Ultrafast Charge Separation Induced by a Uniform Field in Graphene Nanoribbons

TL;DR

This paper demonstrates that uniform laser pulses can induce ultrafast, highly localized charge separation in graphene nanoribbons due to their unique topological electronic structure, enabling potential petahertz switching applications.

Contribution

It reveals a novel effect where uniform light induces localized excitations in GNRs, leveraging their topological properties, with detailed simulations supporting the findings.

Findings

Localized excitations occur within femtoseconds.

Uniform laser pulses can induce charge separation in GNRs.
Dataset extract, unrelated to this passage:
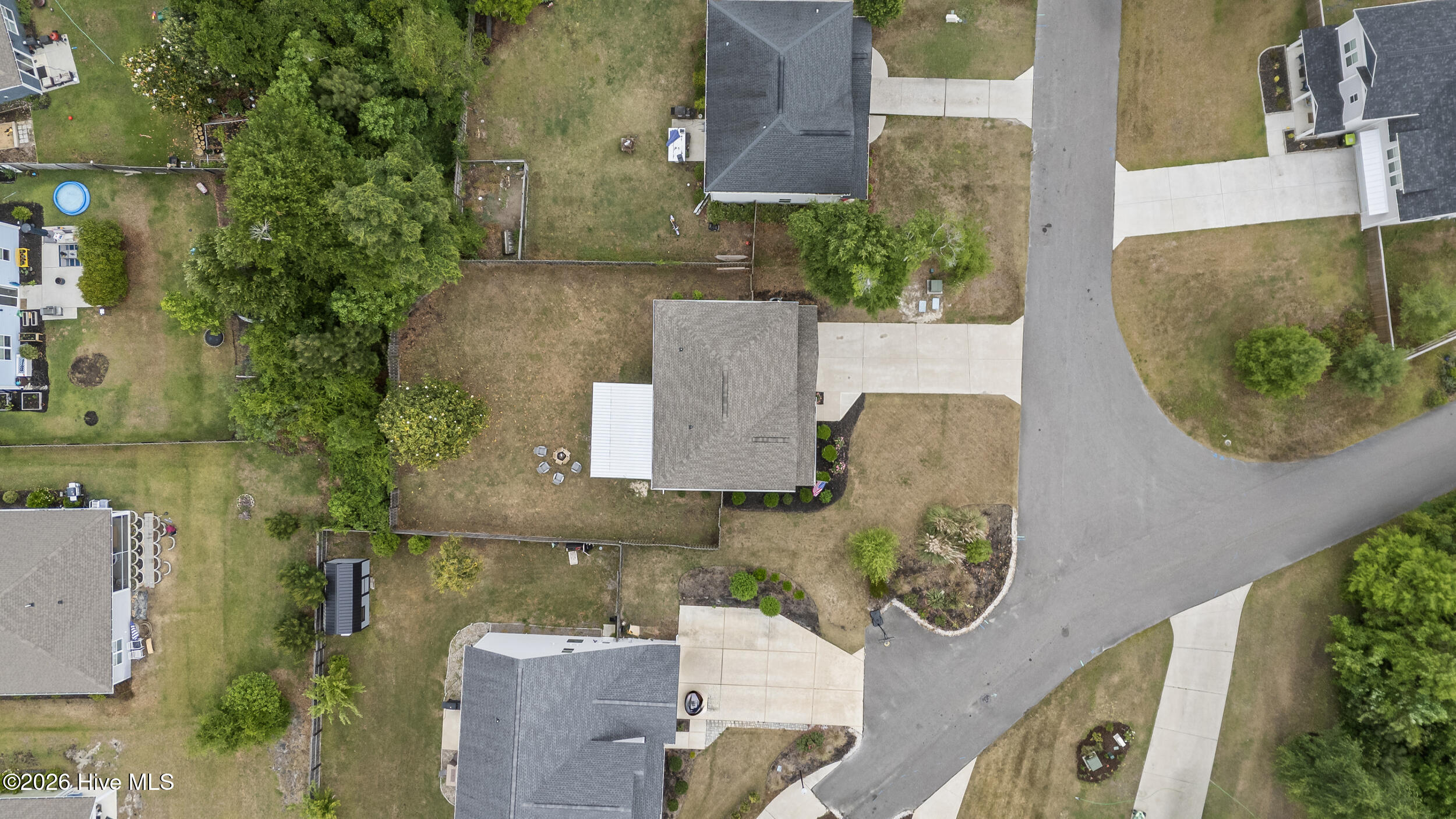 100570482 | Photo 29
Topological electronic structure enables this effect.

Abstract

When heteronuclear molecules are illuminated by light of spatially uniform intensity, electronic excitations may, nevertheless, be restricted to parts of the system, depending on the absorption properties of its constituents. Here, we show that this effect is observed also in homogenous carbon based systems, such as graphene nanoribbons (GNRs): a spatially uniform laser pulse can create strongly localized carrier excitations, including excitons, on the sub-nanometer scale within a few femtoseconds. The origin of this effect is the unusual topological-based electronic structure of the GNRs. This opens new avenues for nanoelectronics and brings petahertz switching within reach. Using nonequilibrium Green functions simulations we demonstrate this effect by exciting small GNR heterostructures of suitable geometry with a laser pulse with carefully chosen photon energy, polarization, and carrier-envelope phase.